I was thinking about the power of numbers yesterday as I scanned the tweets and RTs that appeared under the hashtag #custserv. This got me thinking about what other numbers exist out there.
- 58% of customers who took their complaint to Facebook or Twitter expected a response
- Huge cost savings with social customer care – 90%+ savings
- Customer services as such was the main social media objective for only 1.2% of marketers surveyed
- 68% of ur customers who leave do so cuz they perceive u r indifferent to them
- Repeat customers spend 33% more than new ones
- 7 out of 100 URLs accessed by businesses were directed to Facebook and 10% of Internet bandwidth went to YouTube
- Staff who use Twitter and other social networking sites while at work are costing UK businesses £1.38bn every year
- A negative customer review on YouTube, Twitter or Facebook can cost a company about 30 customers
- Only 3% of consumers believe that UK high street retailers offer great customer service!
- 60–75% of customers will do business with a company again if it deals with a customer service issue fairly, even if the result is not in their favour
- 80% of companies believe they deliver a superior customer experience, but only 8% of their customers agree
- 73% of consumers end a relationship due to poor service
- 74% customers would be prepared to pay more for a product if it came with better service
- More than 50% of UK customers will spend more on products and services if the service experience was guaranteed to be first class
- On average, UK consumers will pay a premium of 7% for the privilege of good customer service and 70 per cent state they would do more business with an organisation that offered decent customer care
- 25% of UK holidaymakers check things out on TripAdvisor before they book their holiday
- Poor customer service is costing UK businesses £15.3 BILLION
- 49% of customers see personal recommendations from friends, family or colleagues as the most trustworthy source of information
- 42% expecting their response in less than a day (via Twitter or Facebook)
These numbers like the tweets themselves are freely available, and often begin to take on a life of their own; particularly now with the ability to RT information.
We use numbers to support whatever point we are trying to make. And whatever number you want to back up whatever argument you want to make, it exists out there somewhere. And if the number comes attached to a known brand name or attributed to a known analyst even better.

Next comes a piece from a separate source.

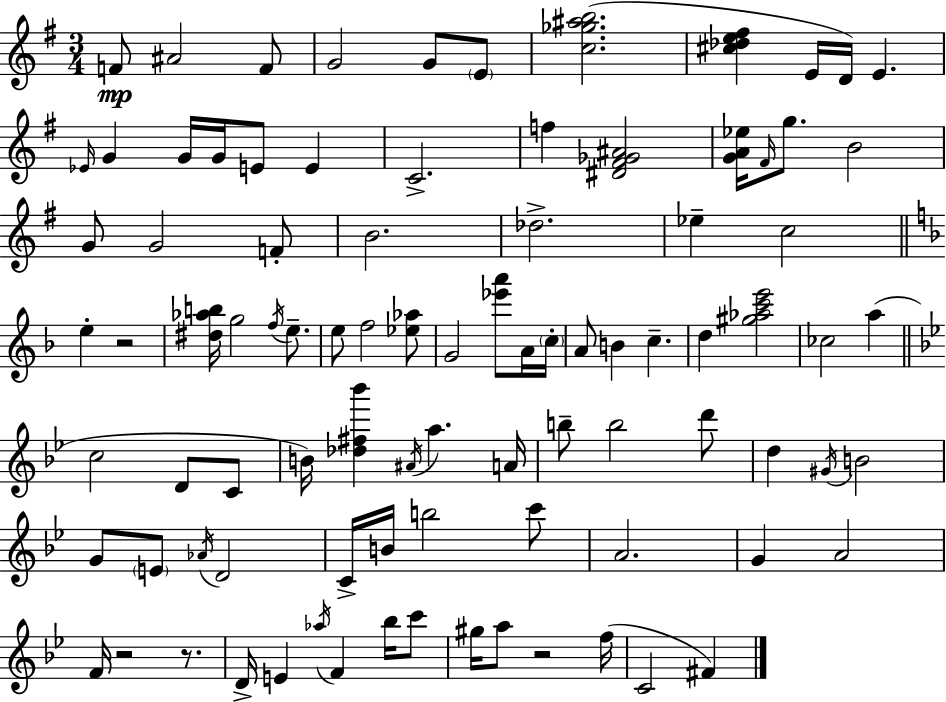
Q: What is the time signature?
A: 3/4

But how often do we really think about the numbers we use, what they mean or the original context they appeared in? We seem to trust these numbers that exist in the open information economy implicitly. We become blinded by them: the bigger the number the more believable it seems to be.
And often, we need the numbers right now to back up an argument or a point of view. It’s always right now.
But what is the implication of this lack of rigour that right now brings? How often do we read the footnotes and explanations that accompany how these numbers came about; if they even exist?
How many business decisions have been made on the basis of these numbers?